Simply put, organizing data into a star schema like this provides a very simple to understand filtering and aggregation engine. The dimensions are used to filter the set of fact rows that are returned in a query. Aggregation (i.e. SUM, AVG, MAX, MIN etc or more complicated calculation) is applied to one or more of the measures across the rows in the filtered result set. This is a key point. It’s key to understanding how a star schema works, and why it’s a great way to present data for analysis purposes.

Another Star Schema Example

Included with the course is a Data Warehouse Database. This is a database generated by Dimodelo Data Warehouse Studio. There is a fact table called fact_TimeRecord. An excerpt of its star schema diagram for fact_TimeRecord is below.

You will notice that there are no relationships shown. This is because Dimodelo Data Warehouse Studio generates Dimensions as ColumnStore indexes by default, and there are no Primary Keys defined. Generally speaking Primary Keys and Clustered indexes will slow down your ETL Load. Most queries for reporting should occur against your OLAP Cube, so not having indexes will not impact report generation time. In any case, a ColumnStore will perform much better for aggregated queries over random attributes (that you see in reports) than clustered indexes.

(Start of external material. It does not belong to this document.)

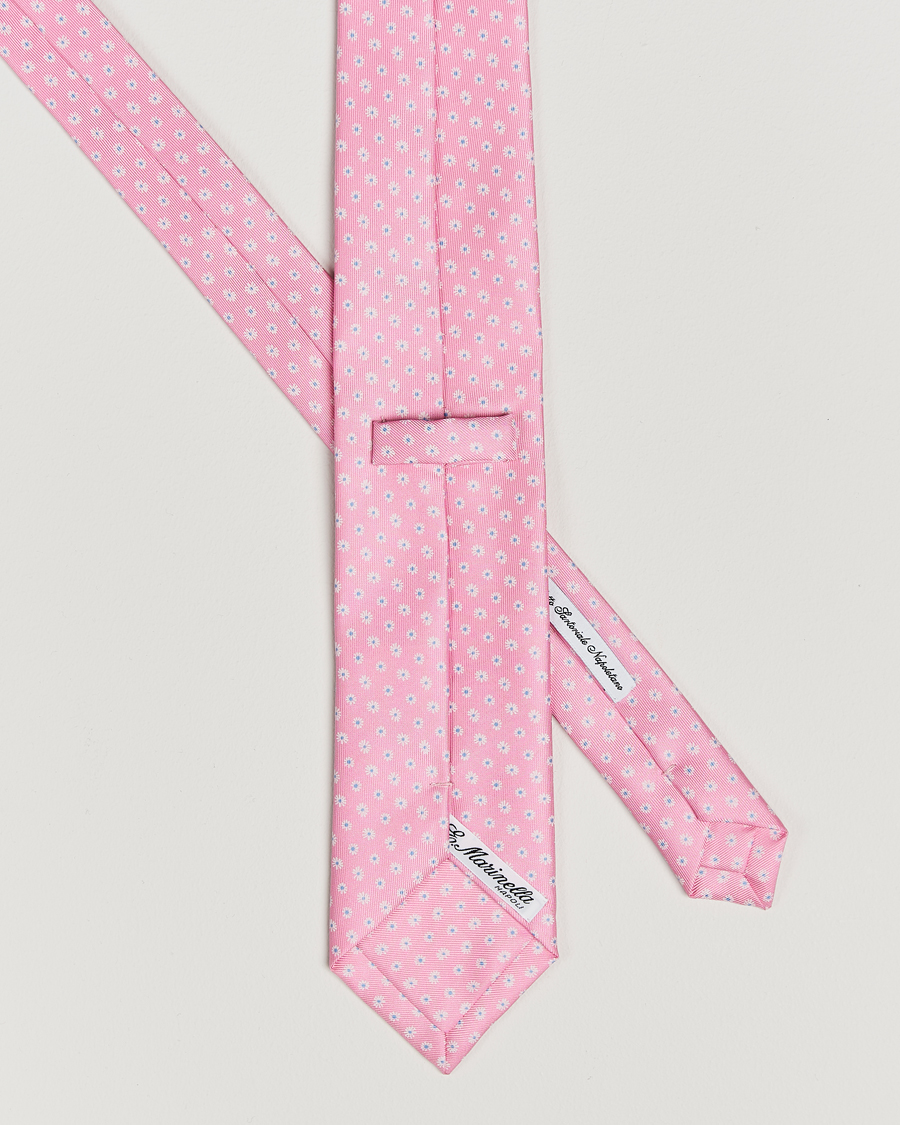 Hombres |  | E. Marinella | 3-Fold Printed Silk Tie Pink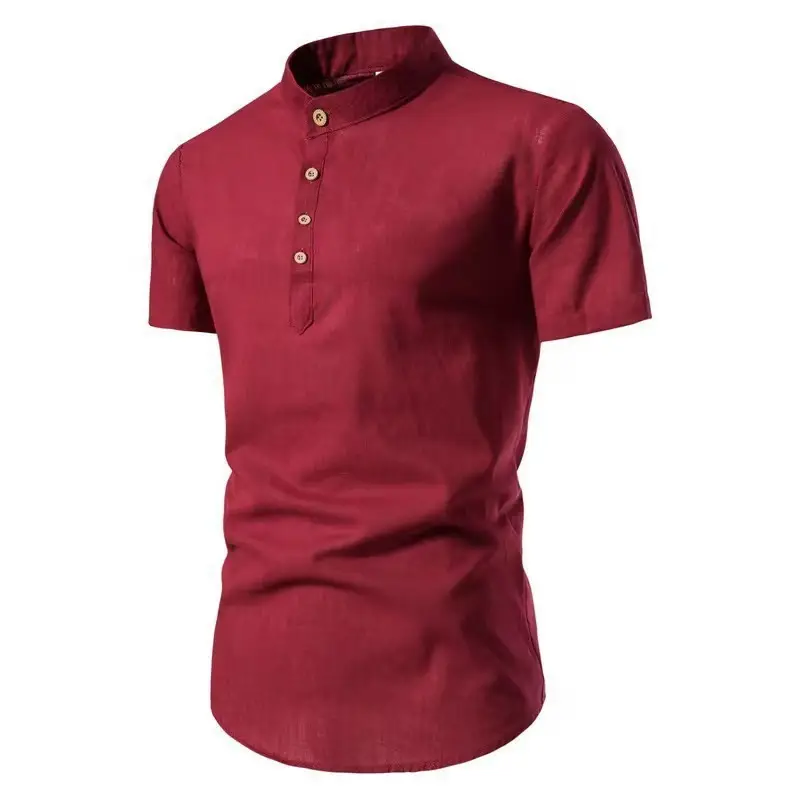 Men's White Slim Fit Button Collar Shirt - Image 3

Try this query against the star schema:

SELECT c.Year_Num, s.ServiceTypeCode, St.ServiceRole, SUM(Hours) AS Sum_Hours
FROM fact.fact_TimeRecord f
JOIN dim.dim_Calendar c
ON c.Calendar_Smart_Key = f.Calendar_Smart_Key
AND c.Year_Num = 2015
JOIN dim.dim_Service s
ON s.Service_sKey = f.Service_sKey
AND s.ServiceTypeCode = 45
JOIN dim.dim_Staff st
ON st.Staff_sKey = f.Staff_sKey
GROUP BY c.Year_Num, s.ServiceTypeCode, St.ServiceRole

It returns this result:

The Sum of Hours for the Year 2015 and ServiceTypeCode 45 broken down by Service Role.

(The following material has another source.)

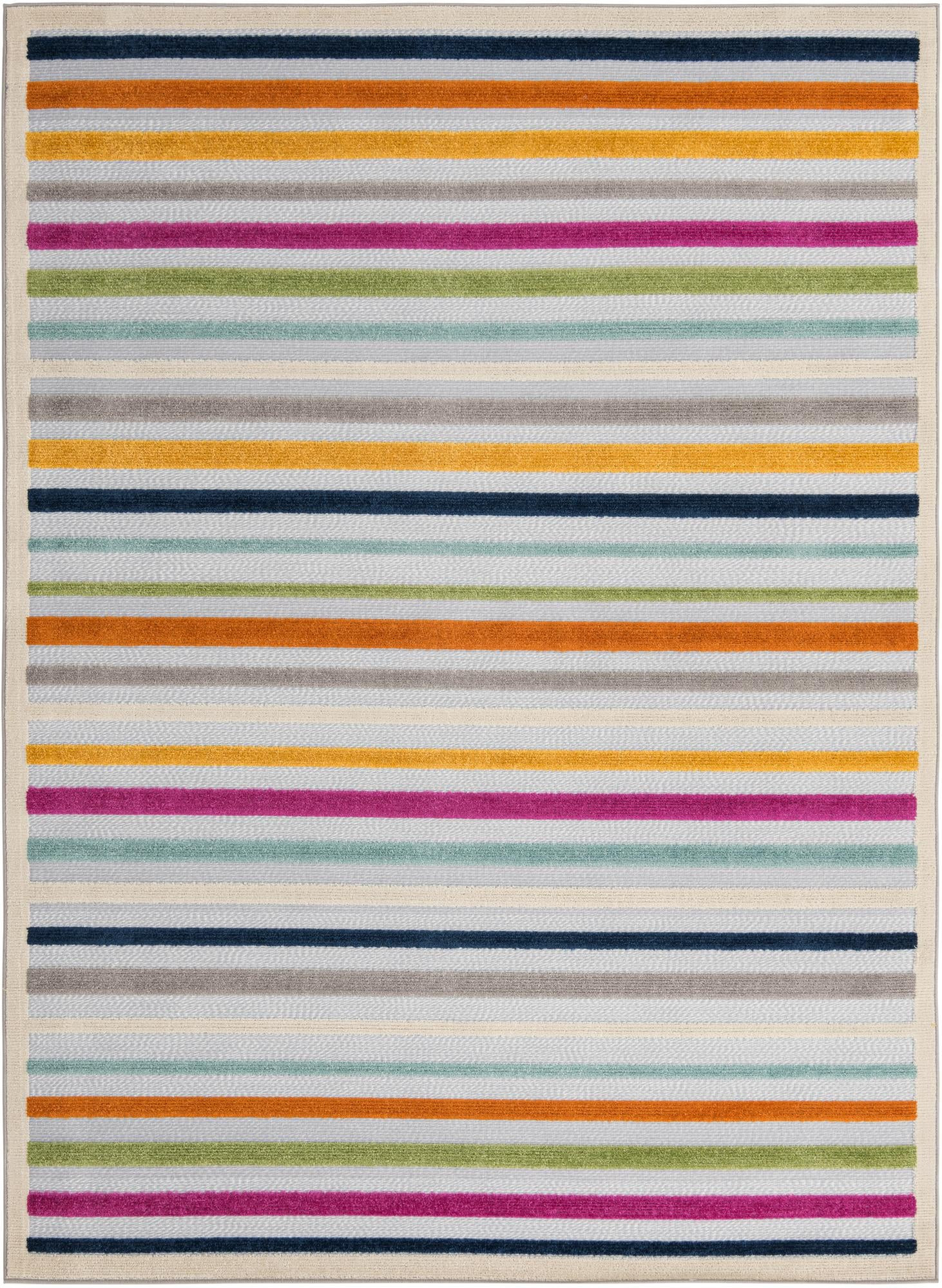 7' x 10' Wesley · Striped Outdoor Rug, multicolor and gray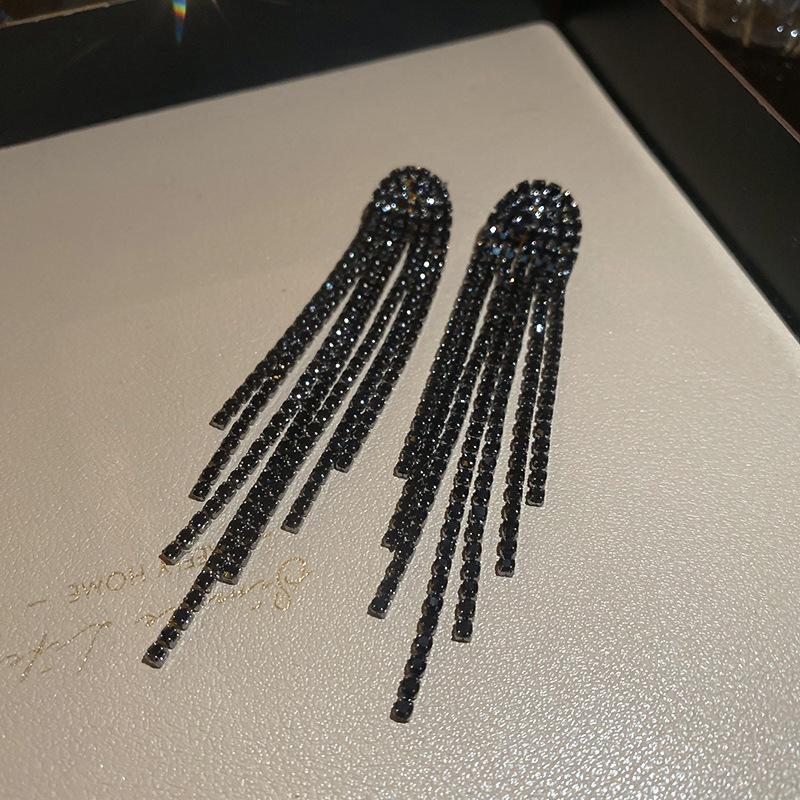 Silver Needle Feather Fringed Earrings Long Light Luxury Atmospheric Stud Earrings Personalized Design Earrings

Notice that query is simple (although a little long) and the join paths are straight forward. I.e. You are not joining through multiple tables to get an attribute value. This is the simplicity of a star schema model. Filtering using dimension attributes with simple joins to facts and aggregating measures.

One of the advantages of using a Semantic OLAP/Tabular Layer is that it (conceptually at least) writes these queries for you. It’s a drag and drop interface, where you drag the dimension attribute filters, row labels, and column headings onto a pivot table/chart.